An expert opinion commissioned by the DNK points out that it may be helpful for users if the DNK clarifies that “when reporting on the basis of the DNK – especially for companies affected by the CSR Directive – the following information is published in the disclosures on criteria 11-20: Company’s approach to the respective criterion, including the due diligence processes applied, the outcome of this approach, the material risks related to the criteria and how these risks are managed.” The DNK has already presented a reconciliation on this at an early stage. The EU Commission is also currently developing non-binding guidelines on reporting practice methods, but their publication has also been delayed and they are due to be presented in spring 2017.

Do I have to report as part of a stand-alone sustainability report?

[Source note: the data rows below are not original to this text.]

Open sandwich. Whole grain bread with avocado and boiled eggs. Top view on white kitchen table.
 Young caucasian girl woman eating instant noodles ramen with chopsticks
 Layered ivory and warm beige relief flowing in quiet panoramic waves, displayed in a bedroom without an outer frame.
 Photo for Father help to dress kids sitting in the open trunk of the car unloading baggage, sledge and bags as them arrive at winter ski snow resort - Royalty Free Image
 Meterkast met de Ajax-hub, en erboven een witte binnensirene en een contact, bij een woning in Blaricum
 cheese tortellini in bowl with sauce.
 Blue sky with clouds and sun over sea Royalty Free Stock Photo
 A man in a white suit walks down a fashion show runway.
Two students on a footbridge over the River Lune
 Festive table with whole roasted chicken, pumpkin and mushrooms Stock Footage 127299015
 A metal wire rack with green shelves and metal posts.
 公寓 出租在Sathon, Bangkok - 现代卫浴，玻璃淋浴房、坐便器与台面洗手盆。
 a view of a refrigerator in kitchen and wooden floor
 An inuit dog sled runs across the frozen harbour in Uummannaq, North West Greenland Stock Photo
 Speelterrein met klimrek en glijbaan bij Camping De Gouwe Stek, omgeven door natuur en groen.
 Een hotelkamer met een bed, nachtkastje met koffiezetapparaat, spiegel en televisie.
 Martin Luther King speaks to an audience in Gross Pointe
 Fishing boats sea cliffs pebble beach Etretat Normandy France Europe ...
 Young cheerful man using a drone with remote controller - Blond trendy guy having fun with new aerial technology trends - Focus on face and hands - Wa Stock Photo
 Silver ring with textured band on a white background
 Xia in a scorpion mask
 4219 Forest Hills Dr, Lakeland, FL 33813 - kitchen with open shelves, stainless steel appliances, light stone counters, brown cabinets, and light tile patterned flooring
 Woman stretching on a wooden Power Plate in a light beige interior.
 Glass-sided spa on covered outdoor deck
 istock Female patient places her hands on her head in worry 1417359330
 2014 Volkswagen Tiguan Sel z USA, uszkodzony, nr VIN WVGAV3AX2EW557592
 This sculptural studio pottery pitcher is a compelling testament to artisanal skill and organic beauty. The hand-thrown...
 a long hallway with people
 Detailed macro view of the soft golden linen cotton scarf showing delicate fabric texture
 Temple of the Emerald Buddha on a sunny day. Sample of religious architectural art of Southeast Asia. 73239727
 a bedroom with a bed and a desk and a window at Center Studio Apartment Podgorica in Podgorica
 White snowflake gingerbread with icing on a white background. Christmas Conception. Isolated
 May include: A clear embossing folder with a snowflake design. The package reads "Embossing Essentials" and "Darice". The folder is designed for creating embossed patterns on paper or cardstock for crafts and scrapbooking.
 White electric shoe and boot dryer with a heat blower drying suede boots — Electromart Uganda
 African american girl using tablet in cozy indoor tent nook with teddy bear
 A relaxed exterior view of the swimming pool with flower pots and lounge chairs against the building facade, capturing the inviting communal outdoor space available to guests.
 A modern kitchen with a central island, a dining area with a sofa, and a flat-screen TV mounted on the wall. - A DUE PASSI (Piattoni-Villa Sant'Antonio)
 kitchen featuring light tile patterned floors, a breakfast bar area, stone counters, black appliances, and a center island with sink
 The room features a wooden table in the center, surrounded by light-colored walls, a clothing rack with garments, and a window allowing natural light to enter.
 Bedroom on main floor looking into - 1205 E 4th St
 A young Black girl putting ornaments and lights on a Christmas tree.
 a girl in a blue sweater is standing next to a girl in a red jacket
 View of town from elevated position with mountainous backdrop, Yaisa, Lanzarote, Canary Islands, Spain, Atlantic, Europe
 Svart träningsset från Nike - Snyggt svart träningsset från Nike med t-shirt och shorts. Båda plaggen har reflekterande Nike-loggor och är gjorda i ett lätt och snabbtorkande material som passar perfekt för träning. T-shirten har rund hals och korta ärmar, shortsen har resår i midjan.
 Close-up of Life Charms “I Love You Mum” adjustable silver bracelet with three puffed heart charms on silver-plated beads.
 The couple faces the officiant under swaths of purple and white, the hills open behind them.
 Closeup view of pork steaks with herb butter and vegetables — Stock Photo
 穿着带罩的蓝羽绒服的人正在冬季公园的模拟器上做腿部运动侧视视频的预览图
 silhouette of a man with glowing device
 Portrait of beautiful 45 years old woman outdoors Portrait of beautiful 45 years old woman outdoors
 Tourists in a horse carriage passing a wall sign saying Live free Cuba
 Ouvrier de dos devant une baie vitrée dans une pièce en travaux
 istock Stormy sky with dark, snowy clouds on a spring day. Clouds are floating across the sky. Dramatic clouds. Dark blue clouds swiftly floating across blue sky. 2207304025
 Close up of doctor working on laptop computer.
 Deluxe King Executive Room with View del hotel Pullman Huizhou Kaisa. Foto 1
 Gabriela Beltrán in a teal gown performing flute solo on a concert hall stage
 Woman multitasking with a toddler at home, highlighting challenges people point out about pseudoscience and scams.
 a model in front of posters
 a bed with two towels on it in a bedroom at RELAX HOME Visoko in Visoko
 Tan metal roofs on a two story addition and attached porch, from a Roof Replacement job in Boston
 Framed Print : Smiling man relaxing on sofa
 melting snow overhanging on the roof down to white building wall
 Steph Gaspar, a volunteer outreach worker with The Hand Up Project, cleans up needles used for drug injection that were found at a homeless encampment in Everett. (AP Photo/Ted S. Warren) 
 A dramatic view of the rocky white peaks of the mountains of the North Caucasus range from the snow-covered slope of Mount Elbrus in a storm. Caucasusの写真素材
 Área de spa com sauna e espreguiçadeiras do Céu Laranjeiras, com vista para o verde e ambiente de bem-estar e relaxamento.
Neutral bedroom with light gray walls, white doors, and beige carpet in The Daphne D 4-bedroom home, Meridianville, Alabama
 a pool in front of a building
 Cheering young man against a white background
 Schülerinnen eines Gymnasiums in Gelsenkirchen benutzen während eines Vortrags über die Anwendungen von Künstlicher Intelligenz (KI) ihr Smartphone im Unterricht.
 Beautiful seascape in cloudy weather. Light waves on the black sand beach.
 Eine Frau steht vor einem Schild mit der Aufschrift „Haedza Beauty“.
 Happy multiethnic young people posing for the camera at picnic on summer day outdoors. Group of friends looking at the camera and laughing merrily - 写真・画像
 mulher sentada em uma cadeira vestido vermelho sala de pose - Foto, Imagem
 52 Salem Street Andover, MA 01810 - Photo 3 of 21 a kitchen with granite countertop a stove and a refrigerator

No, the EU Directive allows companies to fulfill their reporting obligations as part of the management report. In purely practical terms, this also fulfills the requirements of GAS20. In addition, obligated companies can also integrate their sustainability reporting into the general section of the annual report.

What happens if companies do not report?

Anyone who violates the CSR Directive Implementation Act can be asked to pay a hefty fine. The existing provisions on penalties and fines will be expanded and the range of fines significantly increased. For example, in the future, a fine can be up to EUR 10 million or 5 percent of the corporation’s total annual turnover.

Our recommendations:

  • Familiarize yourself – if you have not already done so – with the “GRI Sustainability Reporting Standards”. (you can find some articles about GRI on our blog.) These are scalable in the new version for every company size and every application case and will bring your company safely into the target range of the CSR Directive. If your company already reports according to G4 of the GRI, you are also on the safe side.
  • Create a materiality analysis of the fields of action and impact dimensions of your business activity that are relevant for your company. On this basis, identify information gaps for the relevant non-financial topics.
  • Consistent application of the “Management Approach” is more complex than you might initially suspect. Keep in mind that wherever there is a lack of a strategic approach, this must be justified in the reporting (“comply or explain”).
  • Do not underestimate the time required for a preliminary stakeholder analysis. Without this, it is difficult to justify a plausible materiality approach.
  • If you are about to issue your first sustainability report, consider developing an (internal) test report. This gives you the opportunity to identify weaknesses in data and information gathering at an early stage. Then you can align the organization with the reporting requirements.